The films to get the full Alloy treatment include:

Red Spectre (France, 1907), an impressive trick film was made for Pathé by Ferdinand Zecca and Segundo de Chomon. Works dealing with the netherworld and the supernatural were much in vogue at the time. The color was hand-screened on to each print by Pathé’s superb stencil process, introduced in 1904 and used throughout the silent film era. The original print from which this copy is reproduced was rescued for $25 from a junkyard in Guanajuato, Mexico.

Artheme Swallows his Clarinet (France, 1912) which was produced by the short-lived Eclipse Company. Few Eclipse films survive, and when this delightful comedy was found, the print was decomposed along the edges and the end had melted away. Ten years later, another print miraculously surfaced, free of rot but very choppy. This edition is digitally reconstructed from both, almost frame by frame.

Dream of a Rarebit Fiend: The Pet (1921) based on a 1904 strip by Winsor McCay (renowned for such comic strips as Little Nemo in Slumberland) features a character who claims his horrible nightmares were caused by eating Welsh rarebit (a highly seasoned dish made with melted cheese and beer). In 1911 McCay began film animation, personally drawing every frame on rice paper.
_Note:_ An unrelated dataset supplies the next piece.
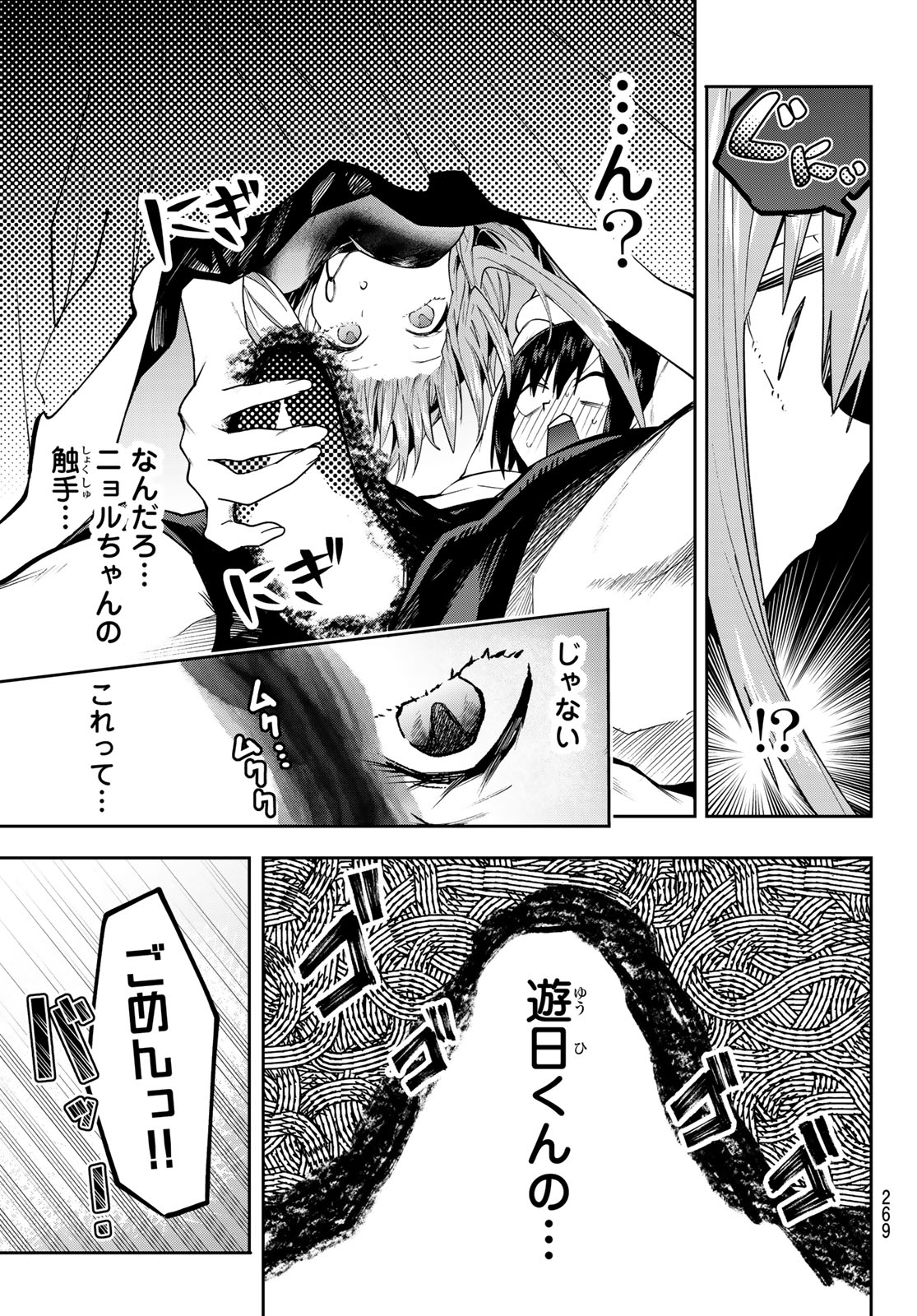 Yumene Connect Chapter 76 15ページ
He made four films based upon his Rarebit Fiend series; note the amazingly complex pan across the city following the monster, when the sky is filled with planes and a zeppelin, each freshly-drawn for every frame!

One Week which stars Buster Keaton, Sybil Seely, and Joe Roberts, was released just one month before Keaton’s first feature length film, The Saphead. It was an immediate hit and Keaton himself commented that One Week was, more than any other film in his career, responsible for putting him at the forefront of the silent comedians. Like so much of his work, this film contrasts Keaton’s deadpan facade with hilarious physical comedy and stunning sets and mechanical gags. Actress Sybil Seely’s sweet and supportive character is the perfect foil for “old stoneface.”

Bonus Images

Vintage still images are seen at the start and scattered throughout the program. These are reproduced from original 3.25 by 4 inch glass slides which were shown in theaters throughout the silent era to admonish and advise audiences, promote coming attractions, and advertise local merchants. The slide attachment was sometimes part of the movie projector, so both were illuminated by the same carbon arc light source; sometimes the slide projector was a separate machine that was also capable of special effects, such as projected clouds or stars.

The event takes place in the Hunter Center of Mass MoCA on April 10 at 12:30 pm. No reservations needed. Tickets are $5.00 per person. Alloy Orchestra has performed at film festivals and cultural centers in the US and abroad (The Telluride Film Festival, The Louvre, Lincoln Center, The Academy of Motion Picture Arts and Sciences, the National Gallery of Art and others) Alloy helps revive some great and unusual films of the silent era.